Expositions

Le Trinkhall rouvre ses portes vers des regards différents

5 min.
Un musée baigné de lumière naturelle, conçu par le bureau d’architecture Beguin-Massartverre - ©P.Schyns-Sofam
Un musée baigné de lumière naturelle, conçu par le bureau d’architecture Beguin-Massartverre - ©P.Schyns-Sofam
Stéphanie Bouton

Stéphanie Bouton

Dans le parc d’Avroy, au milieu des travaux engendrés par le chantier du tram liégeois, la nouvelle structure moderne et opaline abritant le Trinkhall museum contraste. Succédant au MADmusée (musée des arts différenciés), le Trinkhall reprend le nom historique du lieu datant de 1880. Il est l’aboutissement d’un projet qui a mis plus de dix ans à se concrétiser. Les travaux ont permis de quintupler la surface initiale du MADmusée. Aujourd’hui, il présente 600m² d’exposition sur deux étages, un espace librairie, un centre de documentation, une réserve destinée à la collection des oeuvres du Créahm et un café-restaurant (voir ci-dessous).

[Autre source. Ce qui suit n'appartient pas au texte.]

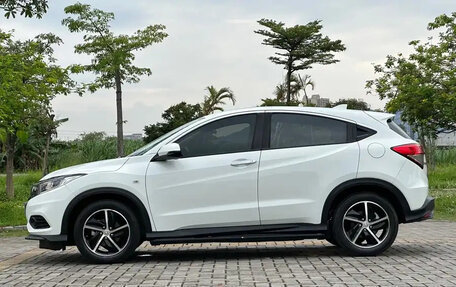 Honda Vezel, 2021 год, 1 420 000 рублей, 5 фотография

Une collectionde 3.000 oeuvres

Comme par le passé, le musée développe et met en valeur une très riche collection : près de 3.000 pièces produites essentiellement par des artistes du Créahm (lire ci-dessous) mais aussi par tous les ateliers qui, en Belgique ou à l’étranger, ont pour objectif de révéler et de déployer des formes d’art produites par des personnes handicapées mentales.
"Ce nouveau musée reprend souffle après des années d’exil hors les murs" indique Carl Havelange, le directeur artistique du Trinkhall museum. Il abrite la collection extraordinaire du Créahm qui s’étoffe depuis quarante ans. "Il garde en mémoire toutes ces années de création, de recherche et d’émotion partagées. Mais c’est aussi un musée d’art contemporain, c’est-à-dire qu’il adresse au présent les questions qui importent".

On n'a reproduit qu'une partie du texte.